# Potty Training



## Michael (Sep 14, 2009)

Anyone care to share some creative ideas here? I'm afraid that we missed the best opportunity with our youngest who is now about to turn 3 and still in training pants. He was very interested in the potty some months ago but it was a bad time simply because we were moving a lot. Now he is not being very receptive. He may go once or even twice a day in the potty but mostly he just uses his training pants without communicating anything. 

One question I have in particular is how best to handle it when he wets or poops himself. Is it profitable to tell him that that is wrong, or should all the focus be positive?


----------



## Herald (Sep 14, 2009)

The reward system worked well with our daughter. A small treat and praise for each time she did well.


----------



## Kevin (Sep 14, 2009)

Rewards work best. in my opinion

Make a schedule of "potty time" and follow it. That has worked for a lot of people.

Don't sweat it. People develop on their own time tables.


----------



## JBaldwin (Sep 14, 2009)

Wow, potty training children. That was ages ago. It seems to me we used a reward system with our children, and it worked very well. We had them potty trained in very little time.


----------



## Herald (Sep 14, 2009)

btw rat brains are not a good reward.


----------



## Michael (Sep 14, 2009)

Herald said:


> btw rat brains are not a good reward.


You don't know how glad I am that you shared this. It seems you've saved me a lot of explaining with the missus.


----------



## BertMulder (Sep 14, 2009)

Our 3 year old boy (4 in december) struggled the same one for a long time. All the sudden he caught on, both day and night, in less than a couple days. Try not to pressure to much.


----------



## Sonoftheday (Sep 14, 2009)

We just potty trained my 2 1/2 year old girl about a month ago. We just took her outta training pants and put her in her big girl undies and took her to the potty every chance we could. Took a few days of messy accidents but she got the hang of it pretty quick. Did a little bit of bribing with the reward system but mostly just talking to her about how she needs to go in the potty and tell us helped more than that. We often think that our children wont understand us when we talk to them at such a young age but they are often much smarter than we give them credit for. She had a cousin who was potty training at the same time and that helped as well.


----------



## PuritanCovenanter (Sep 15, 2009)

I was lucky. I just dropped them off at my Dad's house. He made them sit on the trainer till they used it. It worked. Go figure.


----------



## Ivan (Sep 15, 2009)

Randy! LOL

Yes, reward system, but I wouldn't act pleased with accidents.


----------



## Tripel (Sep 15, 2009)

We are in the middle of potty-training our oldest and have done a similar approach as Bryan. 

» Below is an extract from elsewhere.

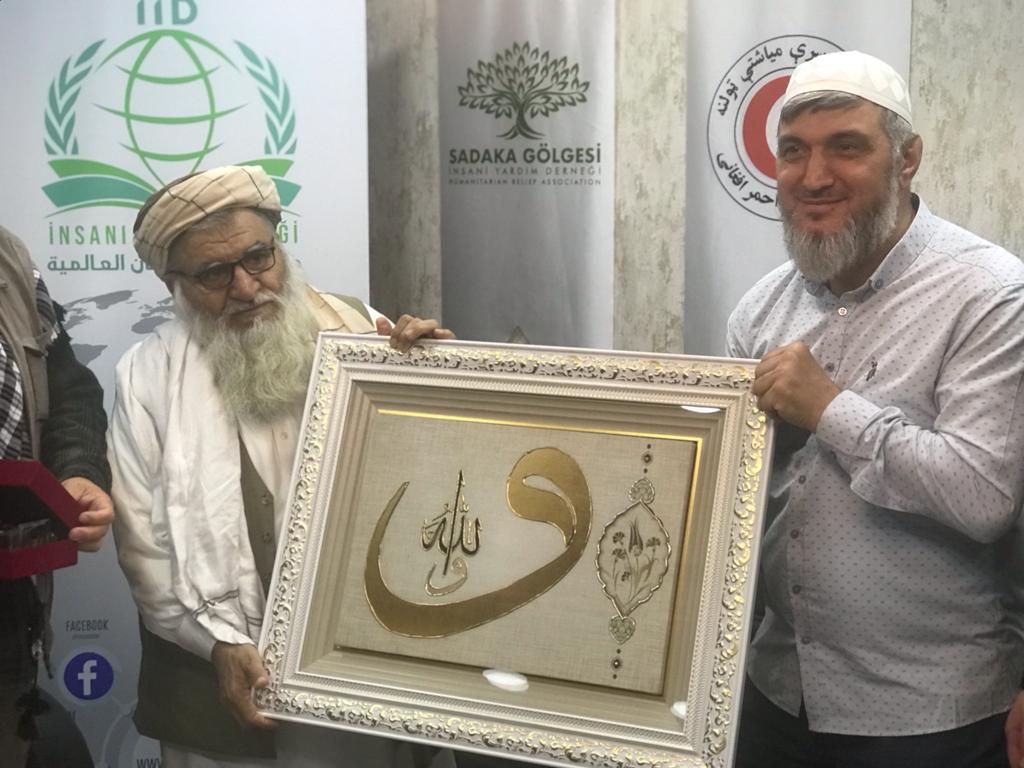 د افغاني سرې میاشتې ټولنې سرپرست رییس په ترکیه کې د نړیوال سازمان د انسان جوړونې د مؤسسې له رییس ښاغلي شیخ عبدالحلیم سره لیدنه ترسره کړه!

We picked a day, put in on the calendar, and made certain my wife was free to be in the home all day for a few days. On that day we stopped using diapers and pull-ups for daily use and put her only in big girl underwear. After several messes and tears she got it through her head that the potty was the best way to avoid the unpleasantness. We also set timers for 20 minutes after anything she ate or drank, and when that beep when off we'd get all excited about "potty time!" and run to the bathroom. 

It went much better than anticipated...that is in regards to "#1". We are still fighting the battle with "#2", which she still is often doing in her underwear. So now we're doing high-fiber meals to make the unpleasantness a factor again.


----------



## kceaster (Sep 15, 2009)

Pick a day to fight the battle! And fight it all day long.

We didn't do any kind of reward. And although this may seem harsh, we made the boys clean their soiled clothes if they were obstinate and didn't tell us when they needed to go.

Mom was a trooper! Or a drill instructor... (Well, I was in the Marines during that time.)

It always helps to have an older sibling of the same sex. Our first was difficult, but the second learned alot from his big brother.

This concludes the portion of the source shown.